I grew up with a mom and a sister, so I know a little something about sharing a room, like, a bathroom with women. It sucks. Nobody wants to hangout in there. Last week I accidentally walked in on my mom in the toilet and I don’t think we’re ever gonna speak again.
Even if for some reason you’re desperate to use women’s bathrooms, you don’t need a sex change to do it. You could just walk in. There’s no bouncer. The door is right there. Seriously, I’ve been using the ladies room here to poop for the last two months.[Cut to Pete Davidson and Colin Jost]
Colin Jost: Yeah. We’ve actually gotten a lot of complaints.
Pete Davidson: Yeah, from me. It’s filthy in there. [Cut to Pete Davidson] I thought girls were supposed to be the clean ones. It looks like a man made out of toilet paper was murdered in there.[Cut to Pete Davidson and Colin Jost]
Colin Jost: Then why do you keep using it?
Pete Davidson: Because it’s the only bathroom that has wifi. And Cecily has a beautiful singing voice. [Cut to Pete Davidson] That was my favorite line.[Colin Jost laughing hard]

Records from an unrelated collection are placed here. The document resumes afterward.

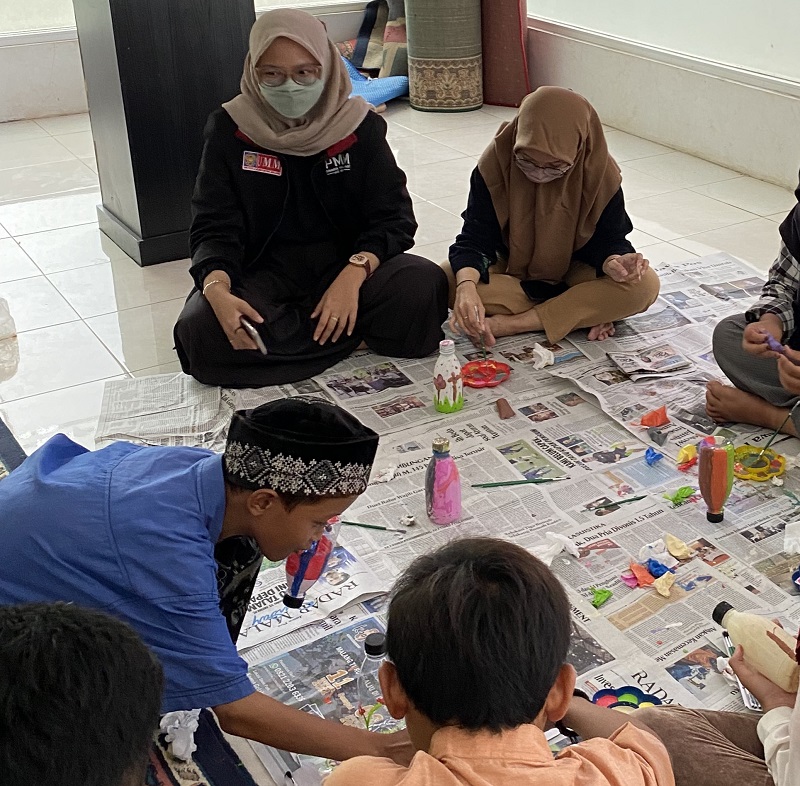 Mahasiswa UMM mengajari anak Panti Asuhan Yasibu Malang membuat kerajinan celengan dari botol bekas, Selasa (28/12/21).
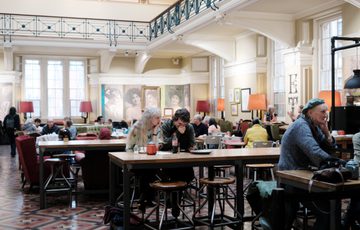 People sitting eating in the cafe.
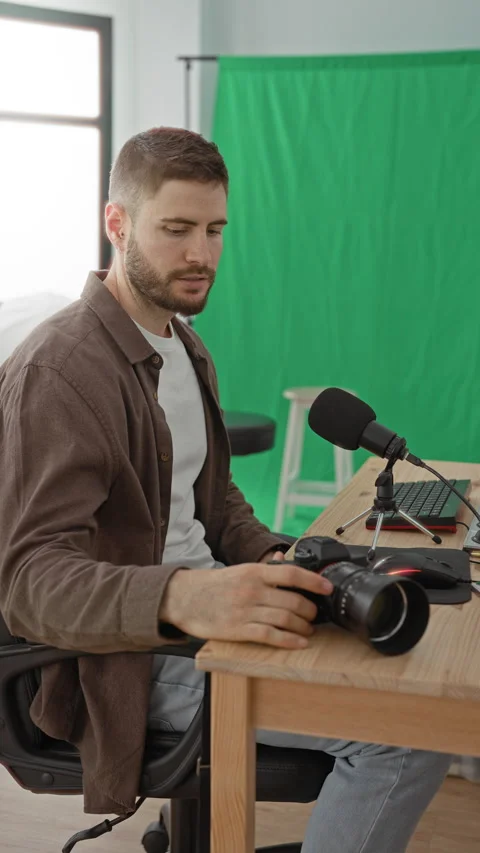 Man adjusts camera with both hands beside a microphone and computer at a st.. Stock Footage 347816813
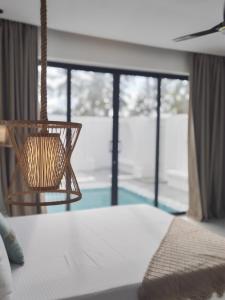 een slaapkamer met een bed met een lamp en een raam bij Amour Beach Villas in Paje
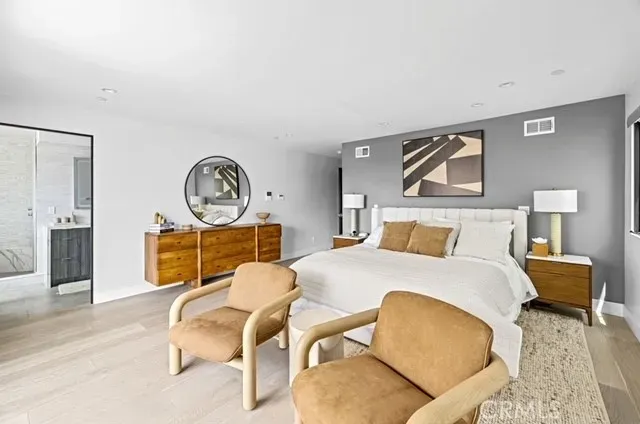 a living room with furniture a mirror and a wooden floor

Look, you know why I’m not worried about a woman in the men’s room? Coz every sporting even I’ve ever been to, a girls has bursted in and said, “Line’s too long. I’m peeing in here.” And guess what? It didn’t ruin my pooping experience. If anything, it’s the only reason I washed my hands.[Cut to Pete Davidson and Colin Jost]
Colin Jost: Pete Davidson, everyone!